У Сапгира мы и встретились впервые с моим дорогим другом Славой, когда он “откинулся” в 1985 году, когда на страну подули новые ветры, пущенные М.С. Горбачевым и другими “прорабами перестройки”. Славы сейчас нет на земле, умер и похоронен в Берлине, куда оказался вольноотпущенным на собственный вернисаж в 1989 году, а почему не вернулся на горячо любимую родину, спросите у него сами, когда встретитесь. Я горд, что единственная работа Сысоева как книжного графика — это многочисленные иллюстрации к моей книге “Душа патриота”, вышедшей в 1991 году в издательстве “Текст” и сейчас тоже являющейся раритетом.

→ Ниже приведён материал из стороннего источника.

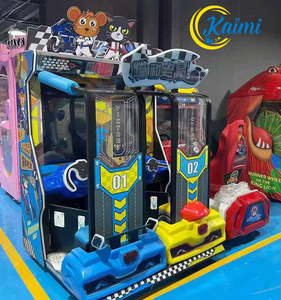Simulateur de course de chats et de <span class=keywords><strong>souris</strong></span>, machine d'arcade de dessin animé, jeu vidéo commercial <span class=keywords><strong>pour</strong></span> parc d'attractions, garantie 1 an, mouvement en fibre de verre - Product Image 3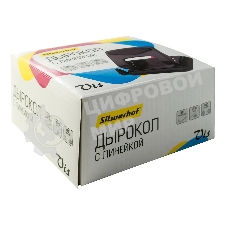 Дырокол Silwerhof VIS, до 35 листов, металл черный, отверстий: 2, с линейкой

Генрих тогда, как это при Советах водилось, ПОМЕНЯЛСЯ, и жили они с женой Милой и тещей от первого брака теперь уже не в центре, а в самом конце Ленинского проспекта, который и сейчас так называется. Квартира была огромная, просторнее, чем “на Щепкина”, но Генрих явно тяготился тем, что оказался на отшибе среди одноликих высотных строений спального района. Жизнь ему скрашивали гости, в частности молодые (тогда) неразлучные друзья-поэты Г. и С., которые жили по соседству. Один высокий и тощий, как Дон Кихот, другой, соответственно, низенький и кругленький, как Санчо Панса. Оба они, нынешние знаменитости, в период “развитого социализма” начисто спивались, печатались на Западе и к Генриху приходили по делам литературы и винной надобности. Генрих их опохмелял, читались новые стихи. Там я с Сысоевым и познакомился. Был Сысоев тогда стройным и нервным мужиком с лихорадочным блеском лагерных глаз. И говорить мог только о зоне, шконке, стукачах, “шерстяных” и начальнике отряда. На это у него сбивался любой разговор, щедро расплатились с ним за обретенную свободу творчества. Вальяжный Генрих его чрезвычайно уважал. И поделом. И Сысоев его уважал. И тоже поделом.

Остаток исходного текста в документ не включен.